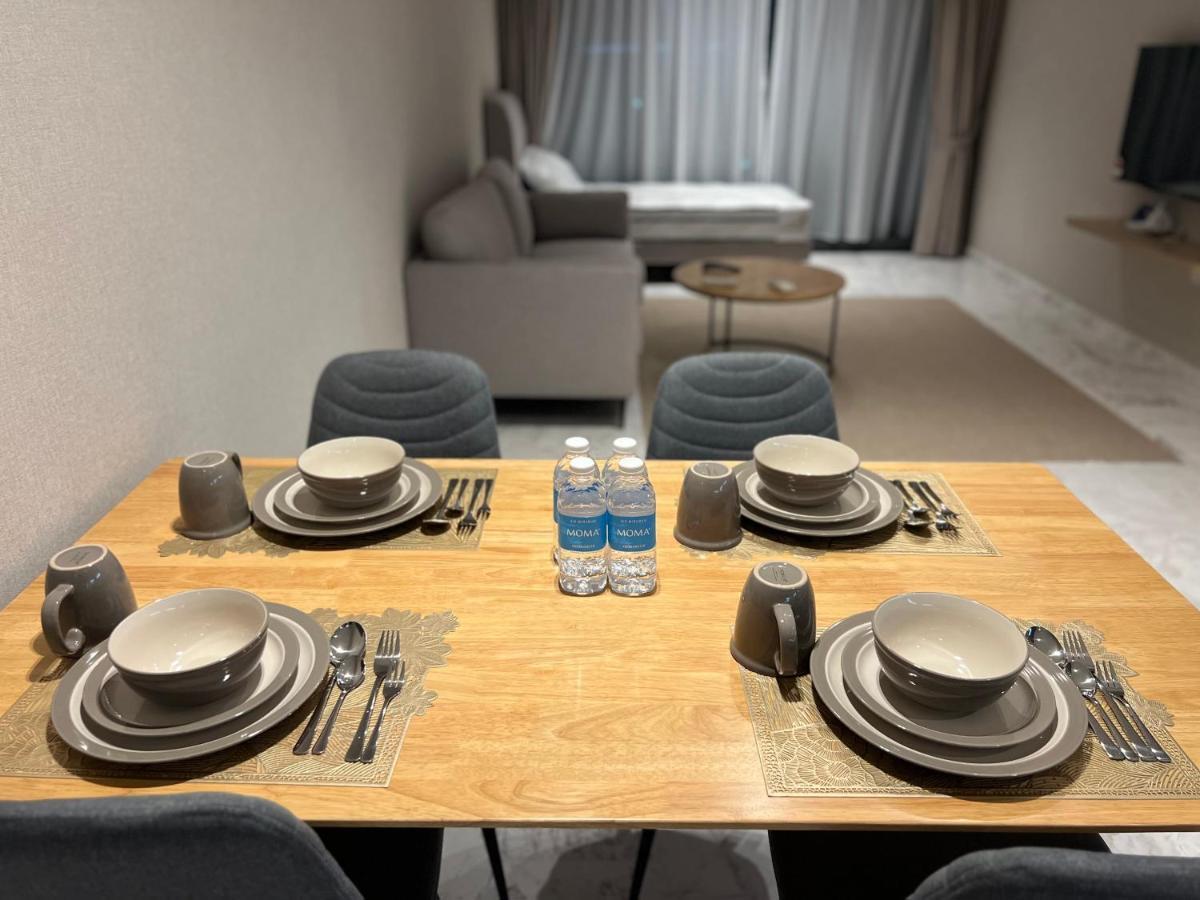 Paradise Suites At Eaton Klcc 쿠알라룸푸르 외부 사진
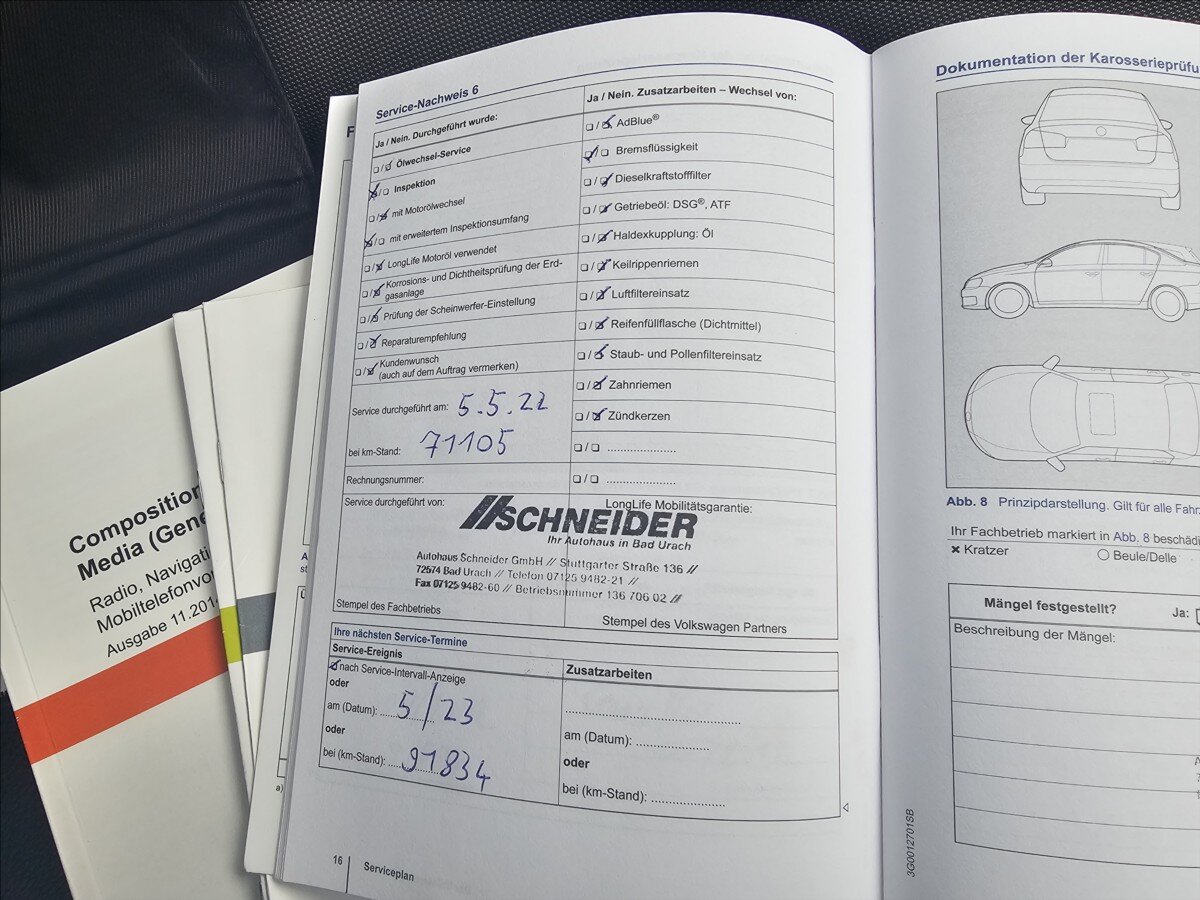 Volkswagen Golf Sportsvan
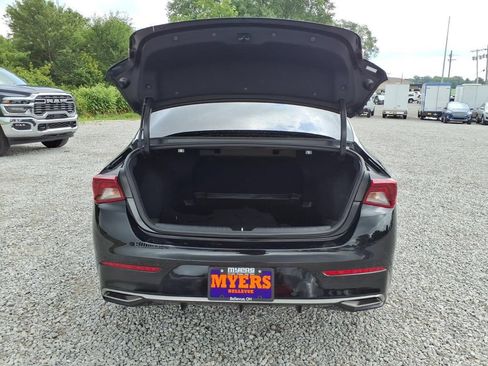 Used 2024 Kia K5 EX FWD image 17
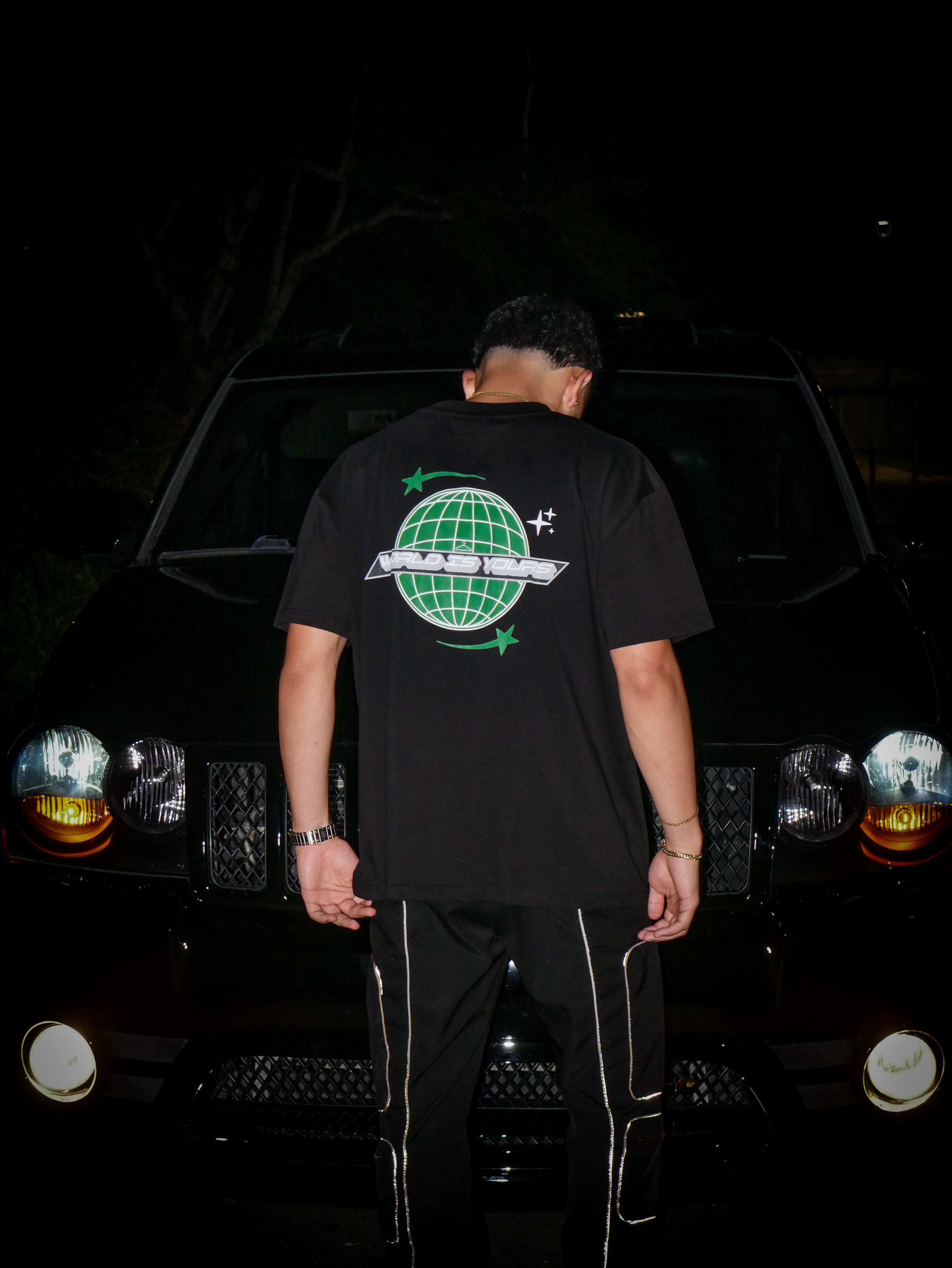 World is Yours🌐💫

---

[Exercise brief]: Apart from the pictures, the whole listing should be reproduced exactly.

[Worked solution]:
 Paradise Suites At Eaton Klcc 쿠알라룸푸르 외부 사진
 Volkswagen Golf Sportsvan
 Used 2024 Kia K5 EX FWD image 17
 World is Yours🌐💫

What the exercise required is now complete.